Gritstone is my familiar, my birthcode. Grit has gone green over on the drystone walls, these ancient fences crossing the white fields. There is ice in the air, is it snowing or brushing off the hills?
Dry paths – water once in a tractor’s tracks are now frozen, deep and creaking. There is a sudden give and mud reclaims my boots. Air and water trapped under ice makes concentric circles like a metre long white blood cell or a cartoon eye. And there are two eyes looking up to the blue sky.
Where there is ‘no access’ the hills look maddeningly beautiful. Fewer footprints ahead. I do my own slippery dance. There are wind-hugging trees and there is frozen dogshit.

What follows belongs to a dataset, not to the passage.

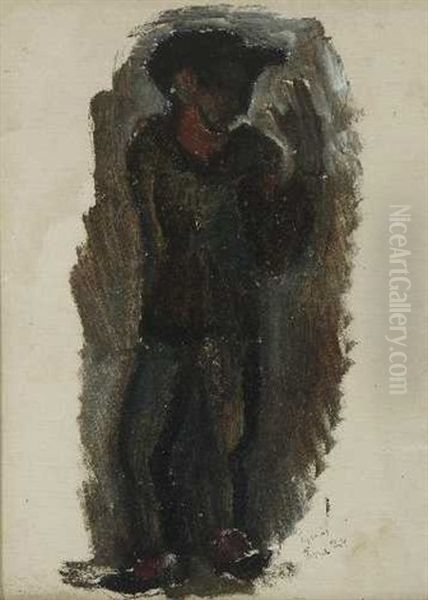 Spahi Zu Pferde Iii Oil Painting by Helmut vom (Kolle) Huegel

Three ramblers rising. Why keep us out? We are not exactly dangerous. But you don’t always remember that the land is all owned here, we are allowed to pass only by the grace of the landowners and the Peak National Park. So long have we been able to lovingly trail over the heathery Peaks, we have nearly forgotten our paths are hard-won and flimsy too – we only walk here because we have been given permission, not because of an ancient right.

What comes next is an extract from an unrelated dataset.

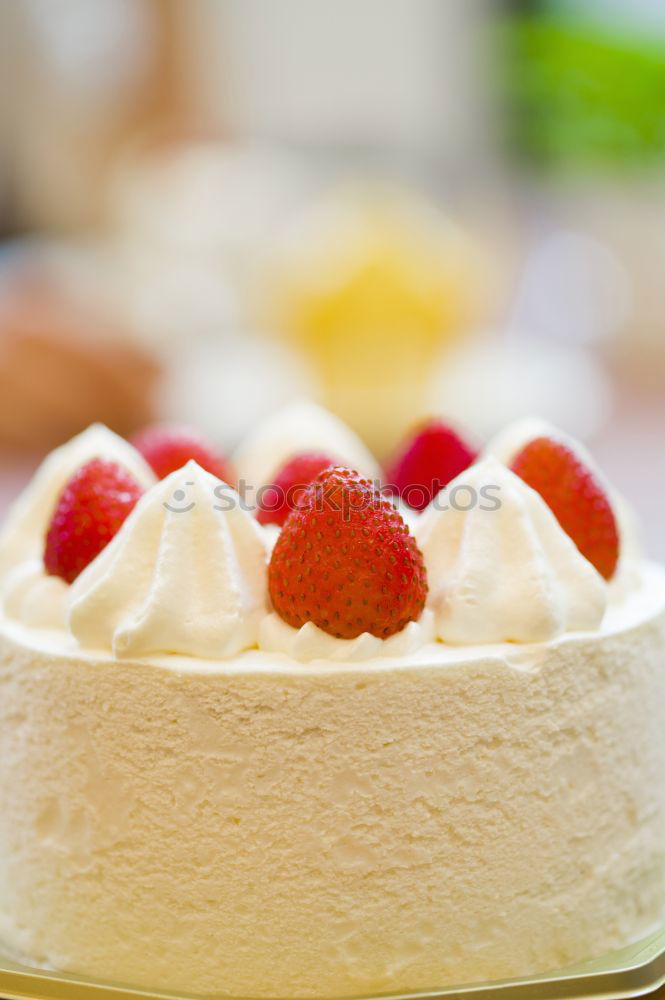 Similar – Image, Stock Photo berry cake Food Cake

Still, I don’t quite feel like a Kinder Trespasser, I just feel furtive, unnaturally cautious. But the air is full of glitter. Frozen fog? Particles of ice drifting like migrating insects.
A standing slab marks a lost significance, an interned soul? A measuring mile to Manchester? A older kind of marker for time and space – less intrusive than a road sign, more soul in it than a new year’s countdown. And yet the Peak National Park guides you sign by sign – ‘open country – please keep to the marked path, no roaming no dallying, no looking at the stones in the brook or scaling the empty fields to see the view.’ Quick – jump that fence!
There is a gentle melt under the ice of a little road-rivulet. Sluggishly pooling its way down the slope, marking its own trespass. The sun makes its wetted inroads into the ice, but not for long. The day will be short.
Kitted out in gaiters and alpine walking-sticks, two rambling snappers snap the scenes. I don’t think they look as hungover as me. They are fresher robots. In a flush of phone reception I receive four new year messages!
On Kinder, a stream’s tributary looks cosier than it must be – as if under a cotton coverlet. My boots stomp and crunch the frosty grass and old snow. Village kids tumble off the first train back from Sheffield. I return to my friends by the fire.